I'll share my thoughts. I returned to my original settings
and rerun Ansible's playbook, reconfiguring the SlurmdSpoolDir.
* https://slurm.schedmd.com/slurm.conf.html#OPT_SlurmdSpoolDir_1
Maybe it is writable by root, because root can write everywhere
(at least except for the Kerberos'ed NFS), but my settings give
he user and group permissions only to the "slurm" user:
- name: "create SlurmdSpoolDir directory"
ansible.builtin.file:
path: "{{ slurmd_spool_dir }}"
state: "directory"
owner: "{{ slurm_user }}"
group: "{{ slurm_user }}"
mode: "0770"
* Setting permissions for the SlurmSpoolDir is not really important,
because at each "slurmd" reboot those permissions are reset
by "slurmd" to "0755". The ownership is not changed. So, as a result:
drwxr-xr-x 2 slurm slurm 74 Aug 16 20:57 slurmd_spool
* The missing part was the read permissions for "other" for the
SlurmSpoolDir's parent directory. I had to set "775" instead
of "770" for the parent dir, which in my case is
"/opt/slurm_state_dir"
drwxrwxr-x 3 slurm slurm 26 Aug 11 19:49 slurm_state_dir
Kind regards
--
Kamil Wilczek
W dniu 16.08.2022 o 18:00, Kamil Wilczek pisze:
Dear Slurm Users,
recently, I have started a new instance of my cluster with Slurm 22.05.2
(built from source).
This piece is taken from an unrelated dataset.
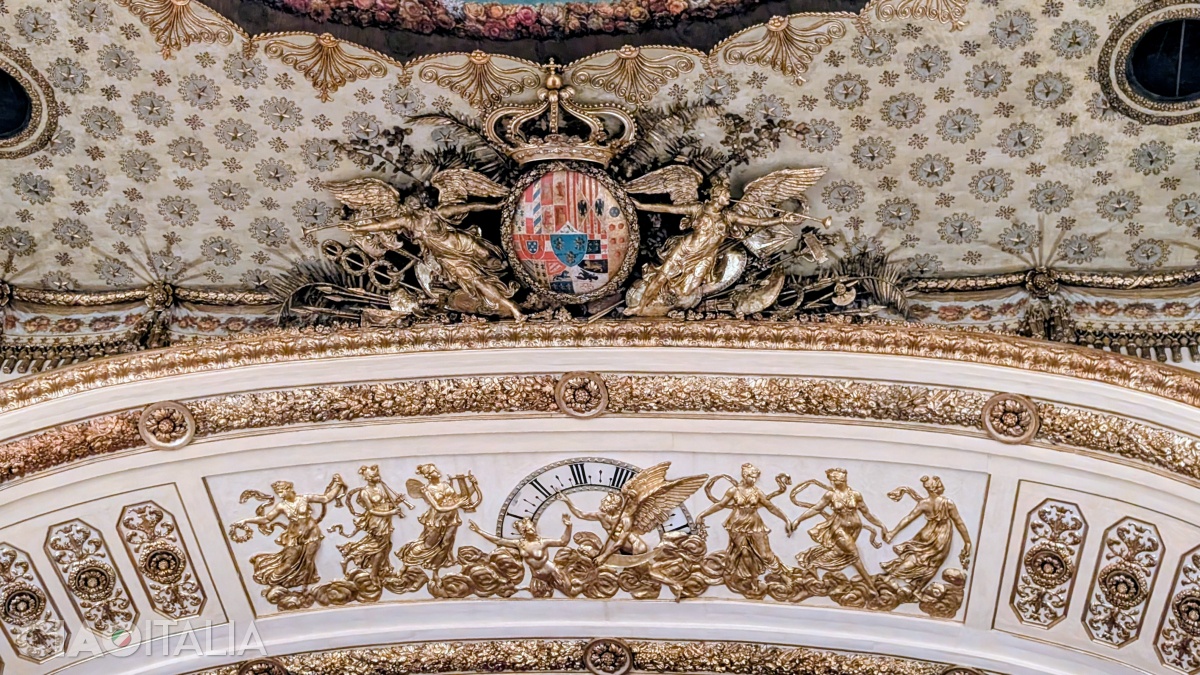 The clock with the rotating dial is located beneath the coat of arms of the House of Bourbon.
Evertyhing seems to be configured properly and
working fine except "sbatch". The error is quite self-explanatory and
I thought it would be quite easy to fix directory permissions.
slurmstepd: error: execve():
/opt/slurm_state_dir/slurmd_spool/job00136/slurm_script: Permission denied
I read here
(https://slurm.schedmd.com/slurm.conf.html#OPT_SlurmdSpoolDir_1) that
the directory should
be writable by root. I did that, but it did not help. I tried
several other combinations of permissions, no improvement.
Currently:
# ls -l /opt/
drwxrwx--- 3 slurm root 26 Aug 11 19:49 slurm_state_dir
# tree -pug /opt/slurm_state_dir
/opt/slurm_state_dir
└── [drwxrwx--- root slurm ] slurmd_spool
├── [-rw------- root root ] cred_state
├── [-rw------- root root ] cred_state.old
└── [-rw-r--r-- root root ] hwloc_topo_whole.xml
Additionaly, when I change the mode of the slurmd_spool directory,
for example to 770, restarting the slurmd service changes them
back to 755 irrespectively of user/group.
Could somoeone tell what the correct settings should be?
I did not have such problems in using 19.05.
Kind Regards